What needs to be done:
Output each record exactly as given. Leave out every picture.

--- Records to process ---

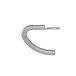 Left 4096023 Image 5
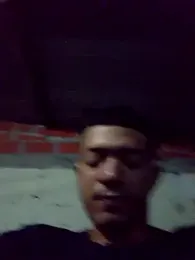 Ostinjunior07 — Stripchat profile photo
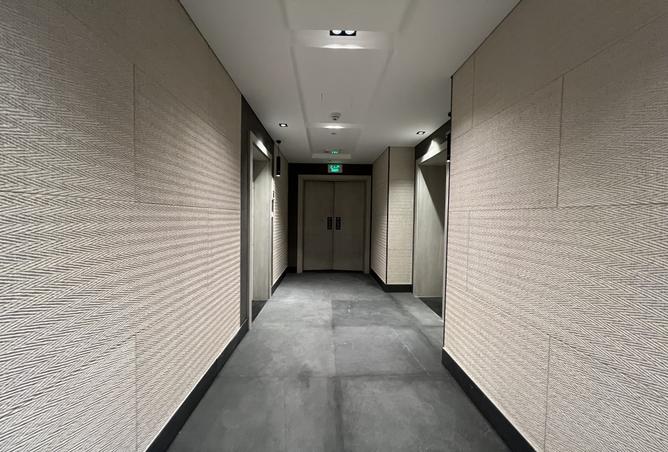 946244 - صورة العقار 2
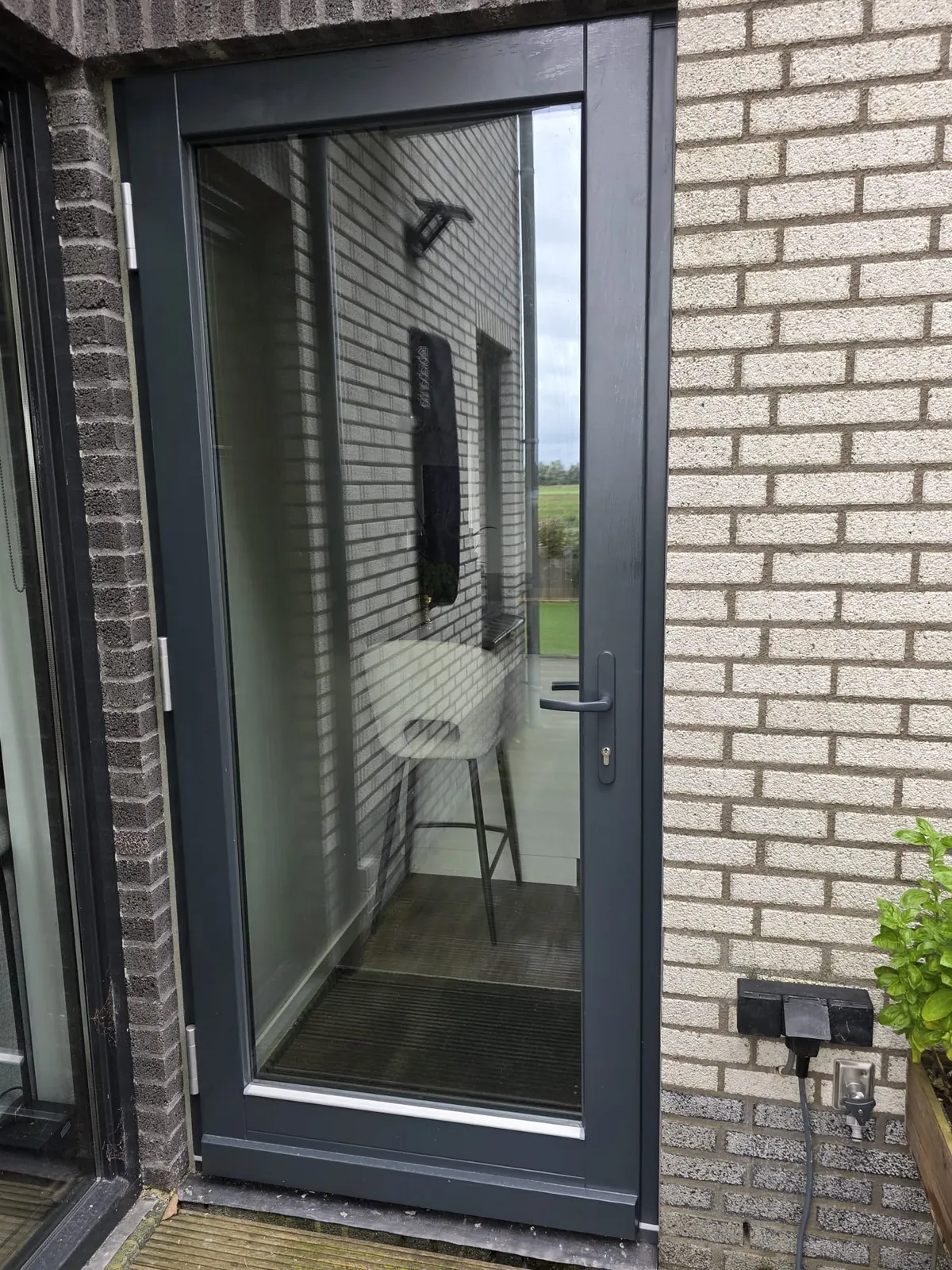 Project 7 — Barendrecht — foto 1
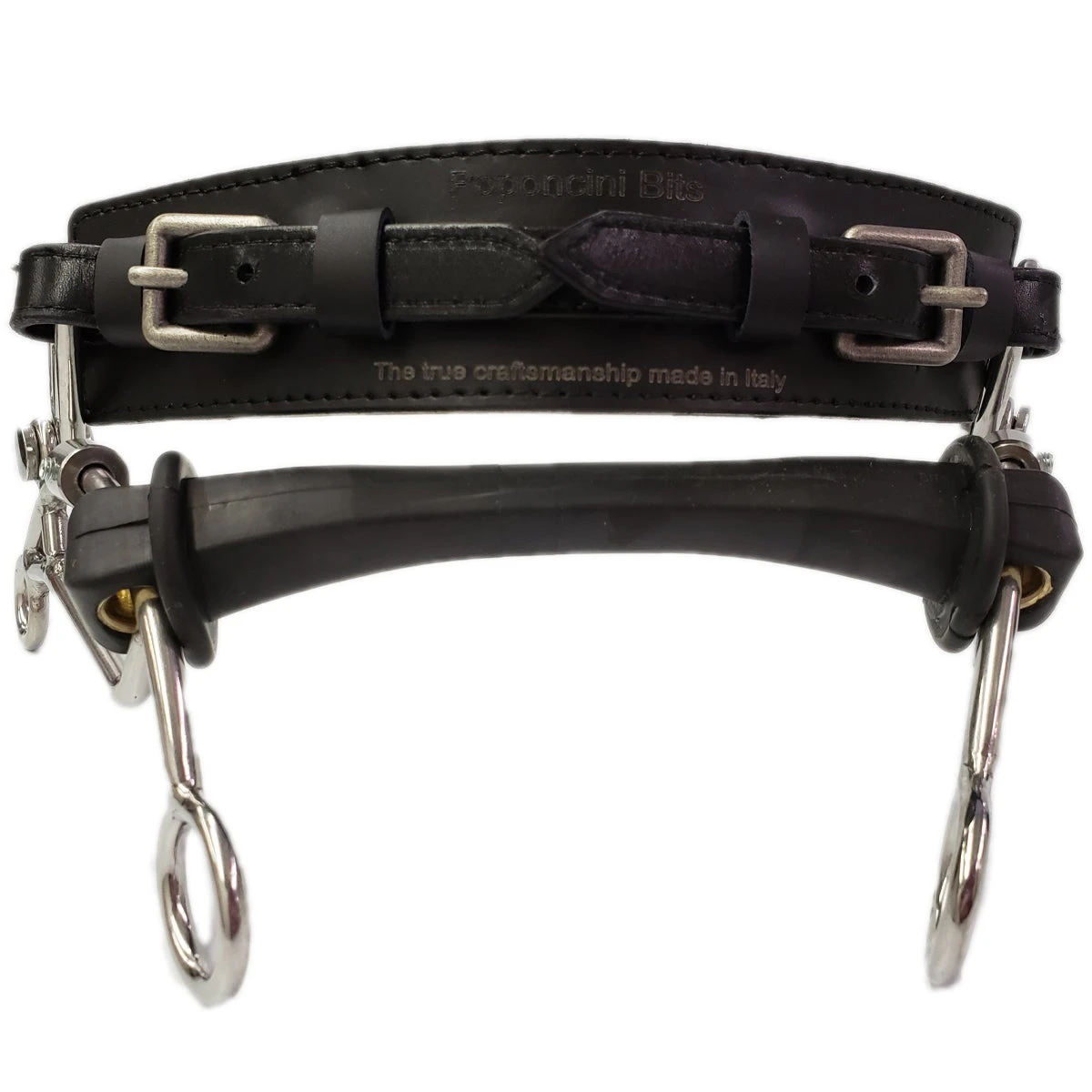 Poponcini Harmony Hack-A-Bit 4 Poponcini Harmony Hack-A-Bit - Image 2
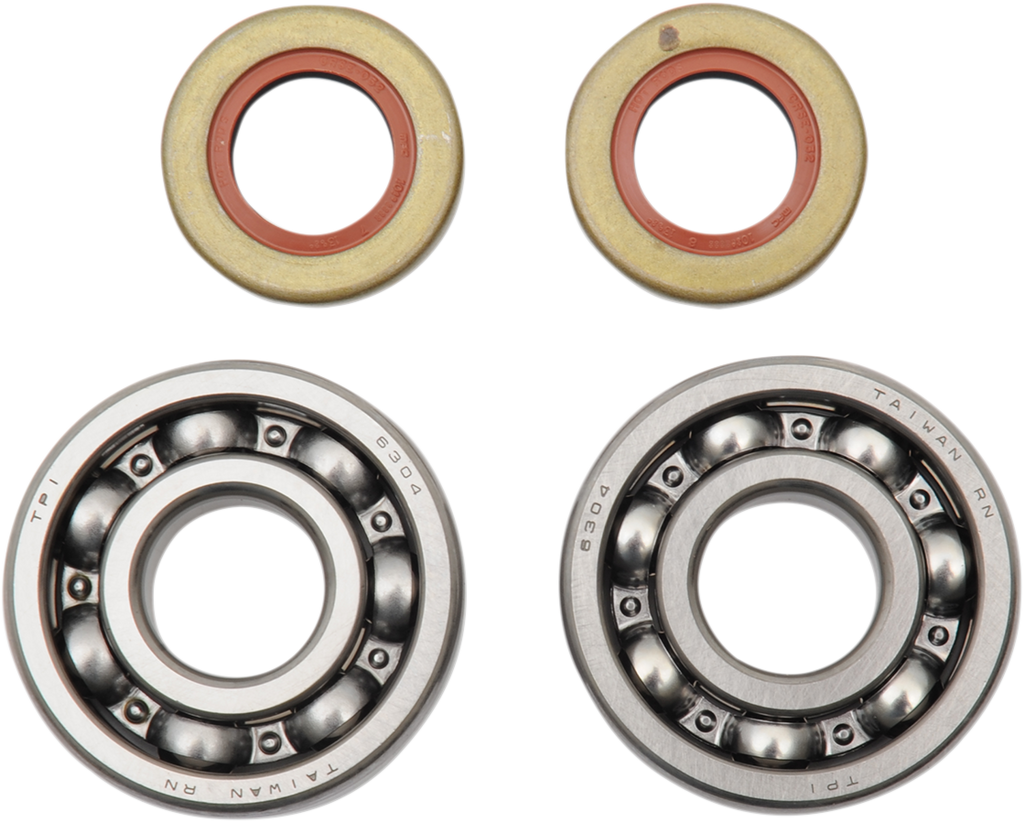 Product image for 09240027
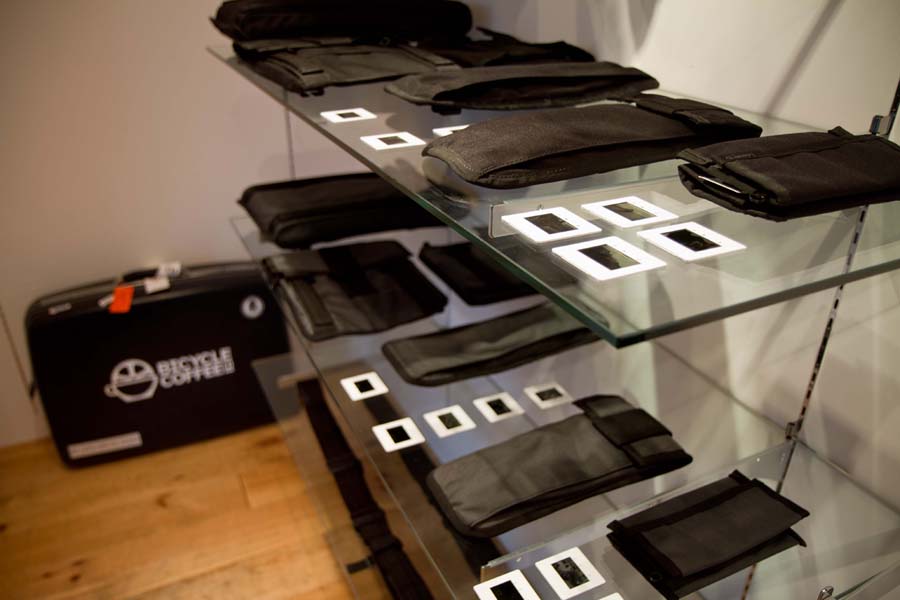 http://www.houyhnhnm.jp/fashion/news/images/MW_Arkiv_5.jpg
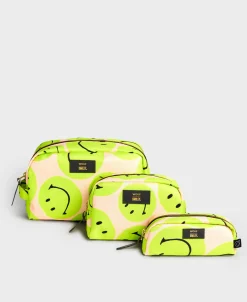 ® Kosmetiktasche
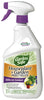 Garden Safe Insect Killer 24 oz. (Pack of 4)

---

Expected output:
 Left 4096023 Image 5
 Ostinjunior07 — Stripchat profile photo
 946244 - صورة العقار 2
 Project 7 — Barendrecht — foto 1
 Poponcini Harmony Hack-A-Bit 4 Poponcini Harmony Hack-A-Bit - Image 2
 Product image for 09240027
 http://www.houyhnhnm.jp/fashion/news/images/MW_Arkiv_5.jpg
 ® Kosmetiktasche
 Garden Safe Insect Killer 24 oz. (Pack of 4)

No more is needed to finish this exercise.